Re: What was the last movie you watched?
What's this Star War you are speaking of?
Its funny. There are only really two wars in the course of six films (The Clone Wars, and whole Rebels vs Empire affair), and both wars are fought by a variety of humanoid races - not stars. I do find it strangethat the Rebels have various minority groups fighting the all-white-male Empire, yet the Trade Federation is literally entirely made of minority groups. (Yay! I've just invented another reason to hate the prequels...not that it needs any more...)
Then again, I could harp on non-stop about everyone in the Empire being English, and how Hollywood thinks that the English are the most evil people in the world. I still joke that if I'd carried on acting, I would have eventually ended up typecast as a cloaked villan in a crappy summer blockbuster.
Pulp Fiction
Quentin Tarantino is not very good at plotting. Aside from a rather genius sequence towards the climax, Jackie Brown was criminally forgettable, and by far Tarantino's worst. Kill Bill Vol.2 felt like a middle-chapter to a trilogy that never happened. Inglorious !@#$%^&* suffered from a scattered pace which hindered its occasional moments of excellence, and Django Unchained was like There Will Be Blood in that the buildup was at times excruciatingly slow, but the payoff is incredible (the "I drink your milkshake" scene becomes even more awesome if you sit through the entire film) Also, I haven't seen Death Proof, but I haven't heard great things about that films plotting either.
Pulp Fiction's plot itself is pretty poor. The film would have suffered greatly if it was a linear narrative, as the whole thing lacks depth. Everyone's motivation is one-dimensional, and Tarantino does not use the language of film to breathe any real insight.

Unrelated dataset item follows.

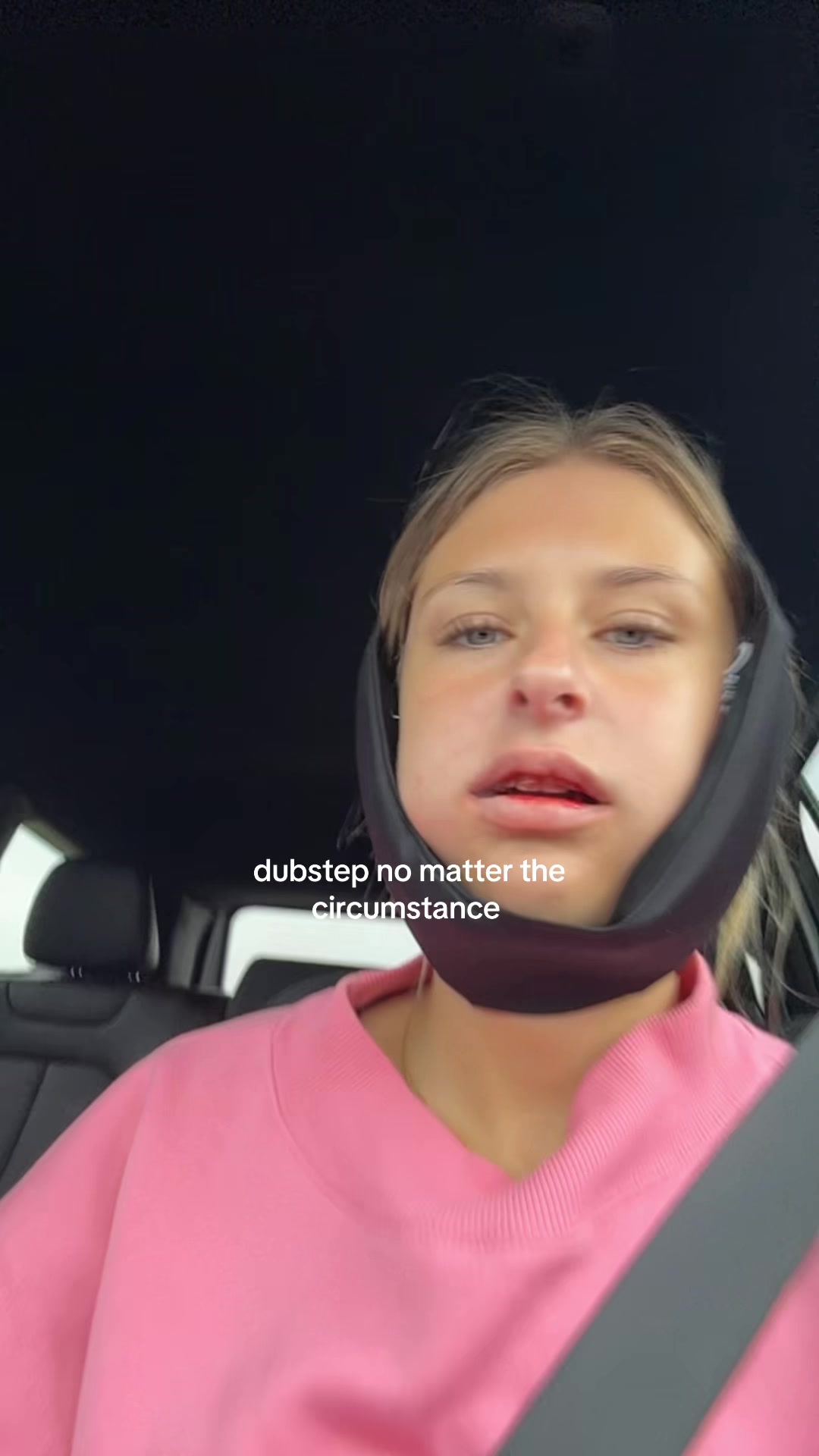 @Grace Stahl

But - Quentin Tarantino is AMAZING at dialogue, and Pulp Fiction is by far his best film because he goes mad with his dialogue skills and it is glorious. Whilst I still like Inglorious !@#$%^&* and Django Unchained because they both have a similar "we have a massive budget and a ton of great actors - lets go crazy" tone - both those films cannot hope to have this amount of memorable characters and this many quotable lines.
I've always defined an auteur not as an artist but as a person whose art would be awful if it was made by anyone else. I can't imagine anyone other than Tarantino making this, because the film would have sucked if someone like Nolan and his super-serious-dull-as-hell characters tried this.